When it comes to your work, how do you measure success?

A few likely answers come to mind. You solve problems, meet or exceed expectations, collaborate with co-workers. Your company might turn a profit. Your work may bring you accolades and respect.

Those are all important factors in a job well done. But still, there’s something missing. While these conventional markers of success surely count for a lot, they don’t touch on an increasingly valuable measure of a truly successful career: meaning.

The desire for meaning at work is universal, transcending languages, borders and industries. And it’s getting stronger. We’re in the midst of a shift away from a model that dates back to the Industrial Revolution—where people were seen as assets, performers of tasks and largely interchangeable—toward an economy that thrives on something more: meaning, purpose and humanity. Increasingly, the companies that attract and retain top talent are those that can create meaning for employees—and enable their employees to do work that has an impact.

On a personal level, finding meaning is an opportunity to expand and enrich your definition of your work and its place in your life. Maybe you’ve grown used to thinking of your job as an area of your life that’s not all that meaningful—a necessity that gets you a paycheck and not much else. But if you had it in your power to get more personal satisfaction out of your job just by making a small shift in your thinking, wouldn’t that be worthwhile?

If this sounds appealing but you’re not sure where to begin, don’t worry: the latest research shows that there are simple steps you can take to find more meaning at work, starting today.

The Science of Meaning

Is there anything more draining than pouring your time, effort and ideas into your job when, deep down, you suspect that what you’re working on doesn’t really matter? If you’ve struggled with this, you’re not alone.

In 2013, Gallup polled employees in 142 countries and made an astonishing find: 87 percent of workers surveyed around the world said they weren’t engaged at work. Think about what that means: an extraordinary amount of our collective human capital, potential and creativity is being wasted. In a big picture sense, this has repercussions for the global economy and society at large: when we’re disengaged, we’re simply not able to come together to meet our biggest challenges. On the individual level, it’s depleting. Can it really be that, for all the time we spend at work, we’re just spinning our wheels?

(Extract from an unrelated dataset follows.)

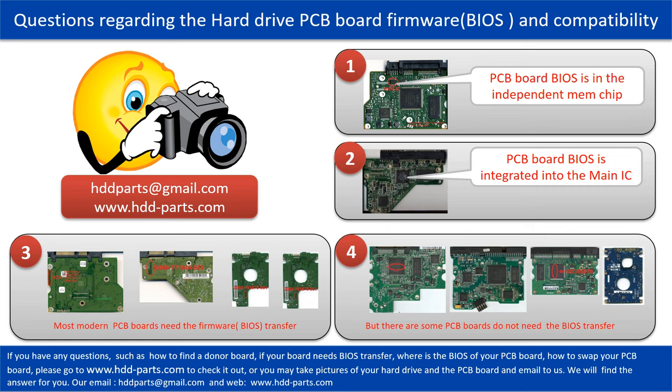The third picture shows some of these PCB boards. However, there are some hard drive PCB boards that do not need a BIOS transfer. As long as the donor boards are identical to the original boards, you can swap the boards directly. The fourth picture shows some of this kind of board.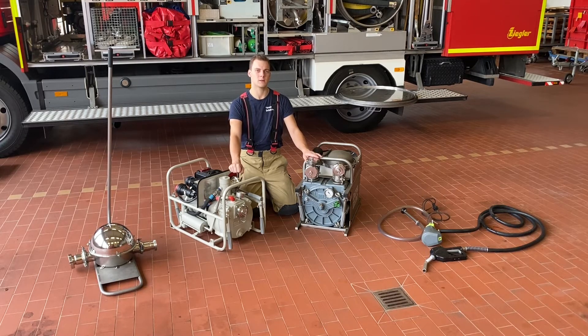Die Fördermenge unterscheidet sich natürlich auch von unseren normalen Feuerwehrpumpen. In der Regel können wir mit einer dieser beiden Pumpen ungefähr 300 Liter pro Minute fördern. Mit unseren anderen Feuerwehrpumpen von den Autos ist das natürlich eine ganze Menge mehr.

The engagement deficit is directly connected to our desire for more meaningful, purposeful work lives. According to a 2016 ADP Research Institute study of employees in 13 countries, one of the overarching trends of the modern workplace is a preference for working on personally meaningful projects. Younger workers especially, the study found, “are searching for meaning beyond lucrative salaries to feel fulfilled.” Indeed, a Deloitte study of millennials from 30 countries found that more than half had decided not to work for an organization because they didn’t share its values.

When you do find meaning in your work, the result isn’t just a nice feeling—your performance gets a significant boost. A 2012 global workforce study of 32,000 employees by Towers Watson, a consulting firm, showed that companies whose employees were engaged in ways directly connected to meaning had a significantly higher operating margin than those whose workers were simply willing to work harder.

The quest for meaning cuts across socioeconomic lines, too. “There is no income level at which people are not desperate for meaning,” New York Times columnist David Brooks said in a 2016 session at the Aspen Ideas Festival centered on the Gallup findings on engagement (or lack thereof) at work.

Consider the widely-cited study by Yale School of Management professor Amy Wrzesniewski, whose interviews with hospital workers yielded an unexpected finding: custodial workers, charged with the unglamorous task of cleaning patients’ rooms each day, found their work highly meaningful and fulfilling. As Wrzesniewski said, these individuals saw their work in “rich relational terms”— that is, they had forged deep personal bonds with the patients whose rooms they cleaned, and that connection filled them with pride and purpose.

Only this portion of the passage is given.